Curiosity Killed the Cat and the Asymptotically Optimal Agent - memexy
https://arxiv.org/abs/2006.03357
======
memexy
> Reinforcement learners are agents that learn to pick actions that lead to
> high reward. Ideally, the value of a reinforcement learner's policy
> approaches optimality--where the optimal informed policy is the one which
> maximizes reward. Unfortunately, we show that if an agent is guaranteed to
> be "asymptotically optimal" in any (stochastically computable) environment,
> then subject to an assumption about the true environment, this agent will be
> either destroyed or incapacitated with probability 1; both of these are
> forms of traps as understood in the Markov Decision Process literature.

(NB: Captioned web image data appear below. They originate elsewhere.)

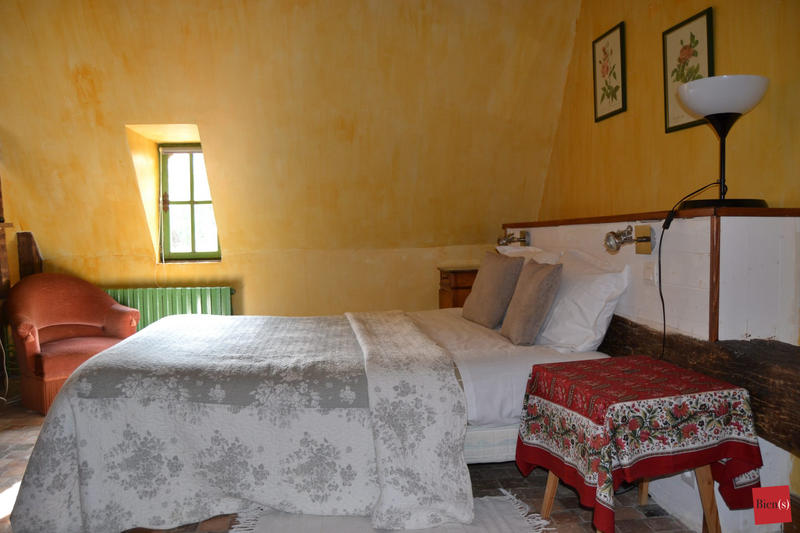 Manoir - 908 m² - 26 pièces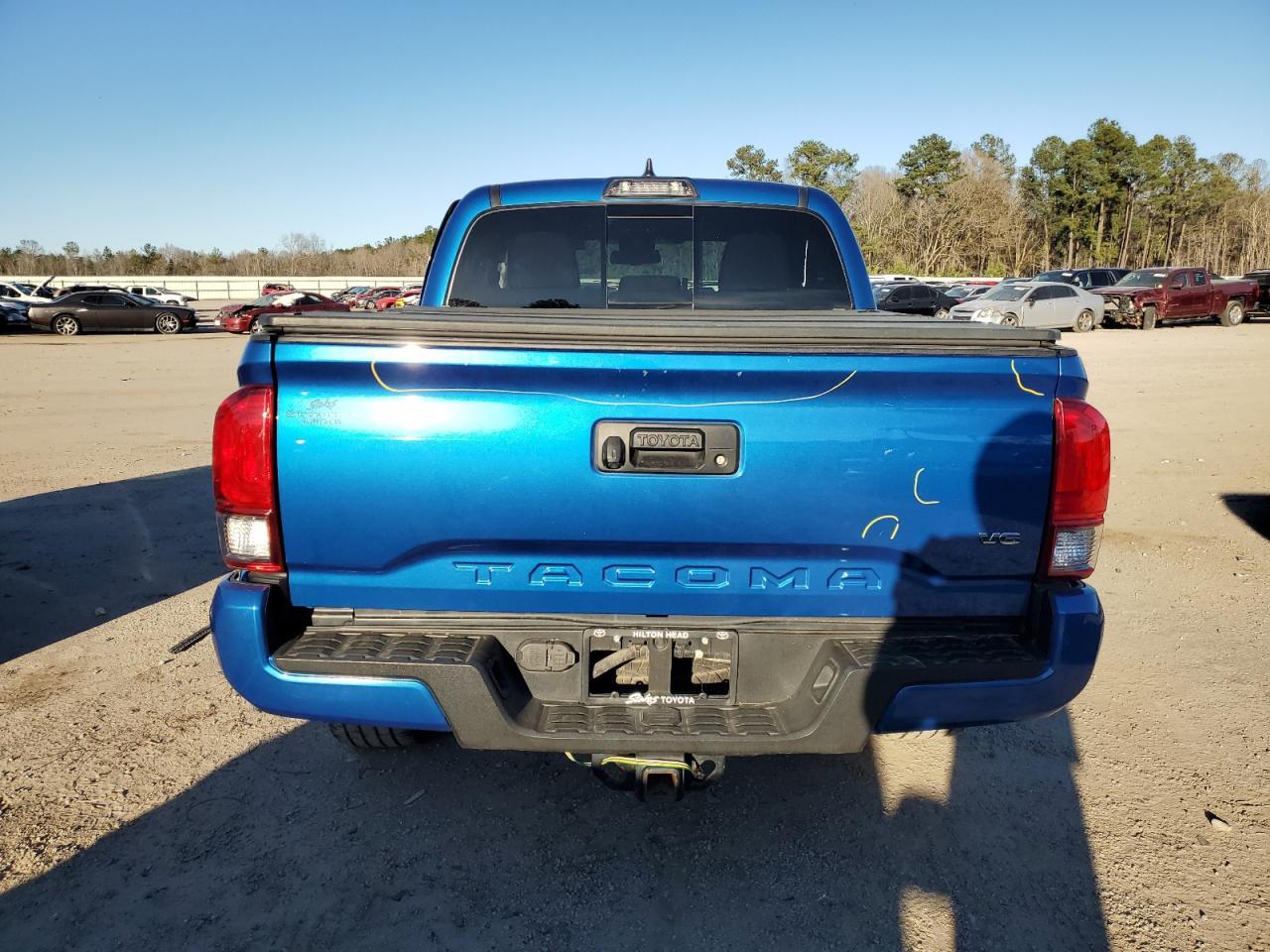 2017 TOYOTA TACOMA DOU - Фото 6
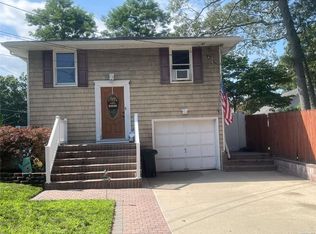 38 Forest St, Ronkonkoma, NY 11779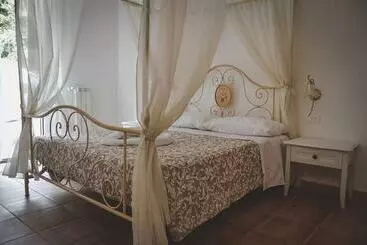 Aamiaismajoitus (B&B) Le Radici Laviano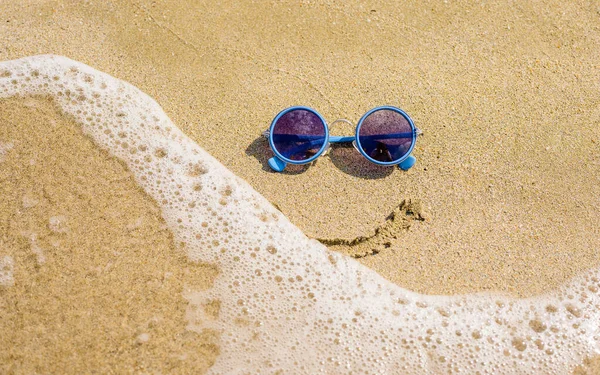Sluneční Brýle Leží Pláži Moře Pod Brýlemi Objeví Úsměv Vlna — Stock fotografie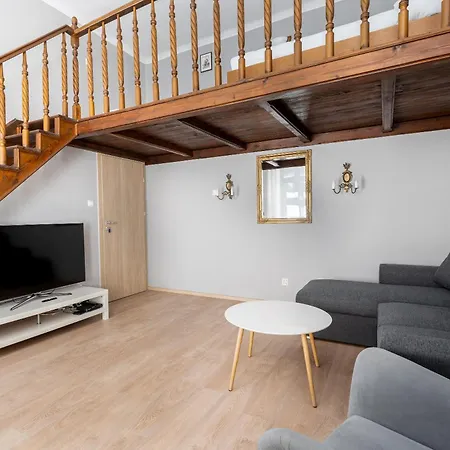 Starowislna 37 With Mezzanine By Bookinghost Lejlighed *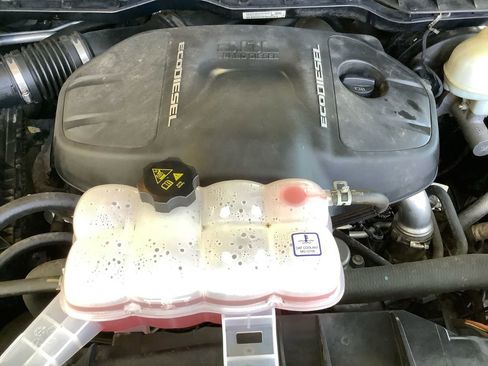 Used 2015 RAM 1500 Lone Star image 21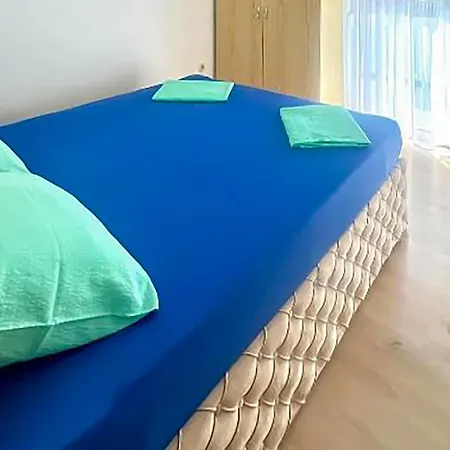 1 Bedroom In Апартаменты Вир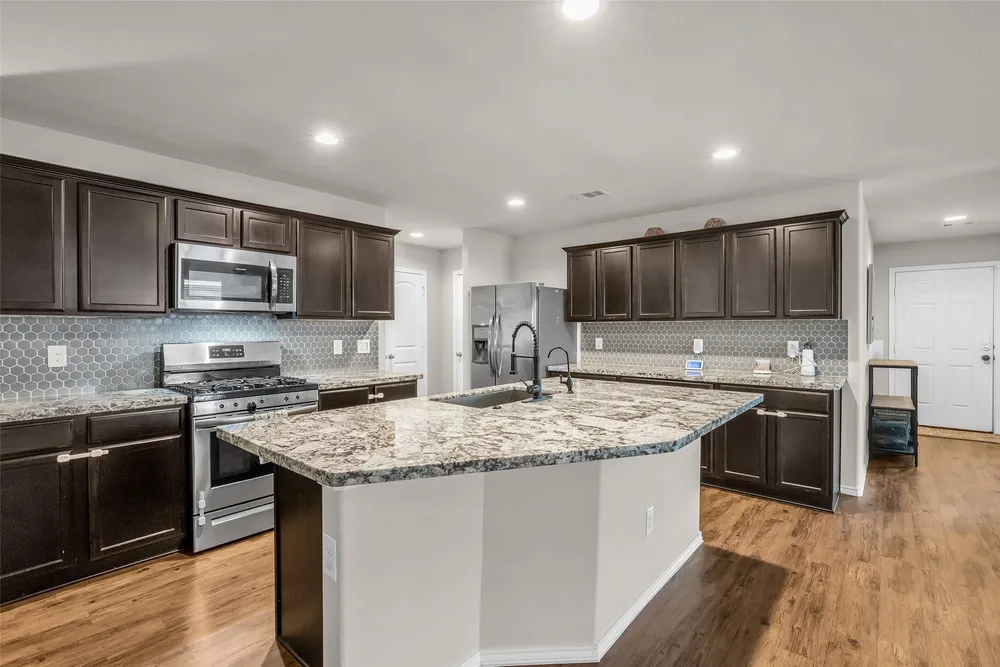 5635 Rainflower Terrace Ln, Spring, TX 77389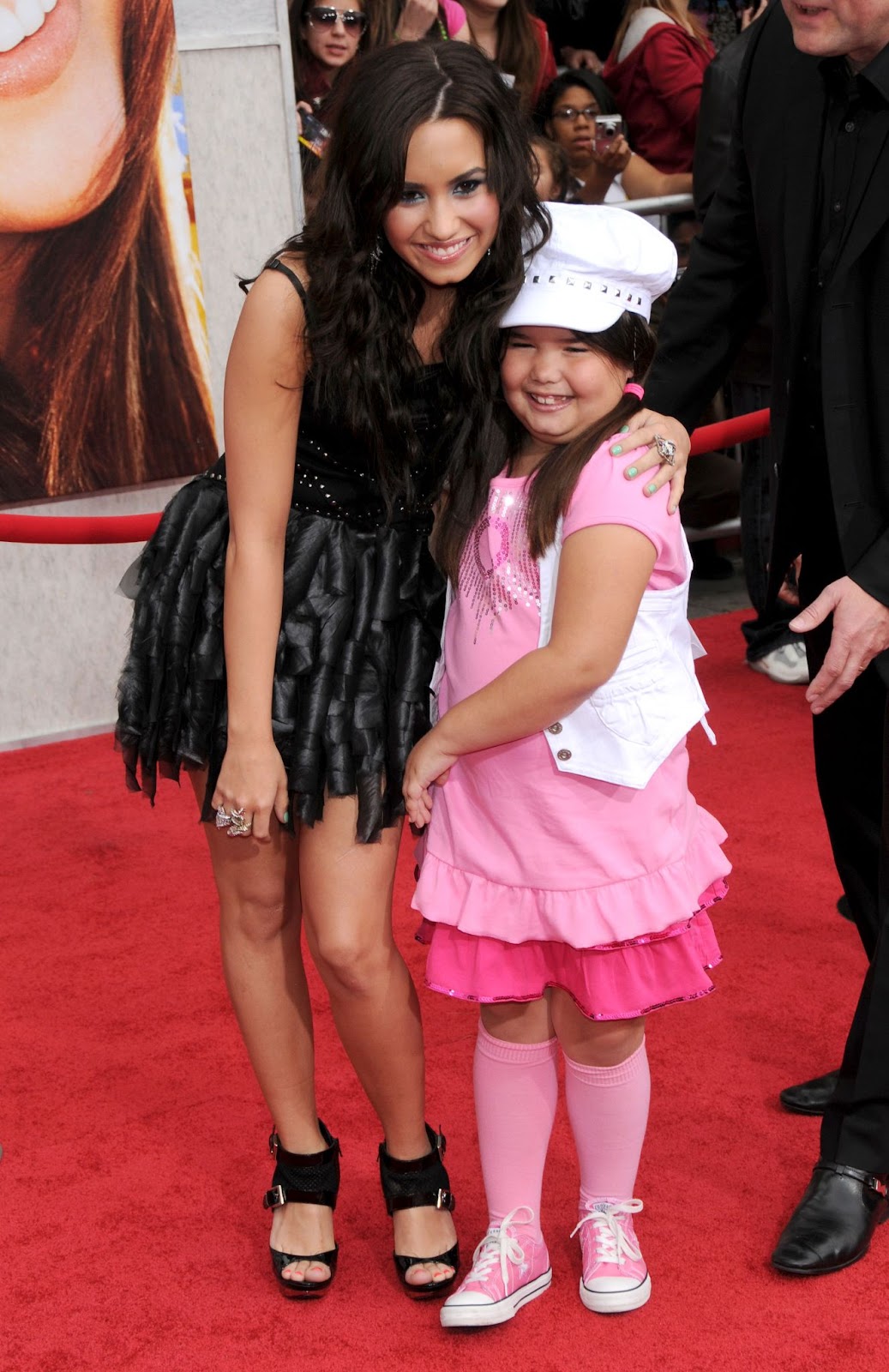 Demi Lovato and the child actress at the premiere of "Hannah Montana: The Movie" on April 2, 2009, in Los Angeles, California.  | Source: Getty Images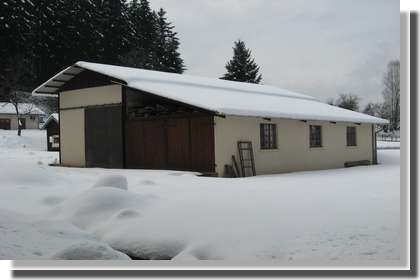 Garage pour caravane Camping La Broche Fresse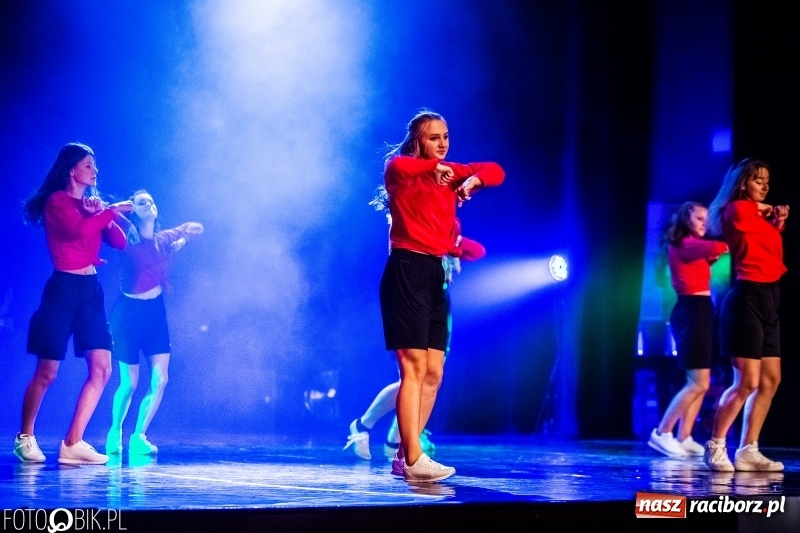 Zdjęcie w galerii na portalu naszraciborz.pl: Gala zespołu tanecznego Skaza w Raciborskim Centrum Kultury wiadomości z regionu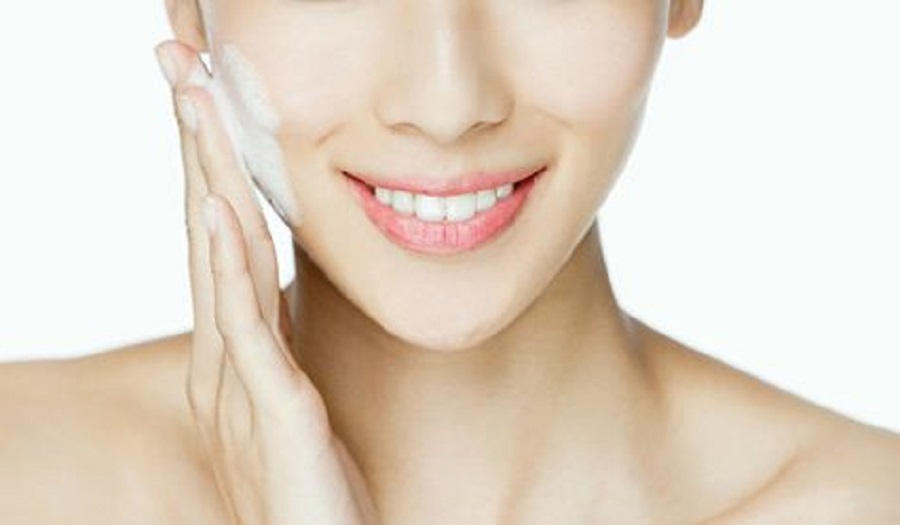 Rửa mặt làm sạch da để ngăn ngừa mụn phát triển thêm - Ảnh 2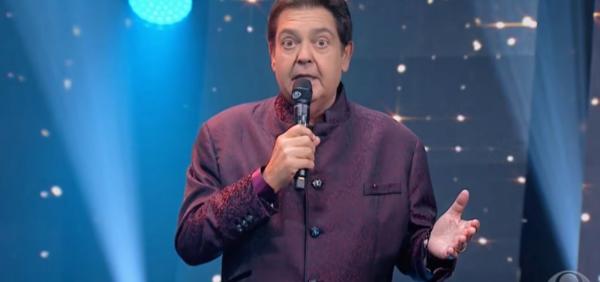 Na semana de estreia na Band, Faustão é diagnosticado com Covid-19.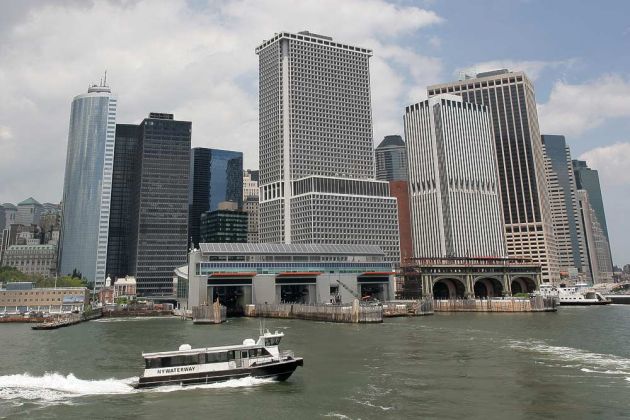 New York City - die Südspitze Manhattans, von der Staten Island Ferry aus gesehen New York City - die Südspitze Manhattans, von der Staten Island Ferry aus gesehen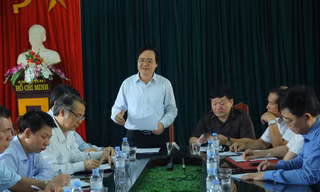 Bộ trưởng Phùng Xuân Nhạ làm việc tại Hưng Yên sáng 31/3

> Environments with traps pose a well-known problem for agents, but we are
> unaware of other work which shows that traps are not only a risk, but a
> certainty, for agents of a certain caliber. Much work in reinforcement
> learning uses an ergodicity assumption to avoid this problem. Often, doing
> theoretical research under simplifying assumptions prepares us to provide
> practical solutions even in the absence of those assumptions, but the
> ergodicity assumption in reinforcement learning may have led us entirely
> astray in preparing safe and effective exploration strategies for agents in
> dangerous environments. Rather than assuming away the problem, we present an
> agent with the modest guarantee of approaching the performance of a mentor,
> doing safe exploration instead of reckless exploration.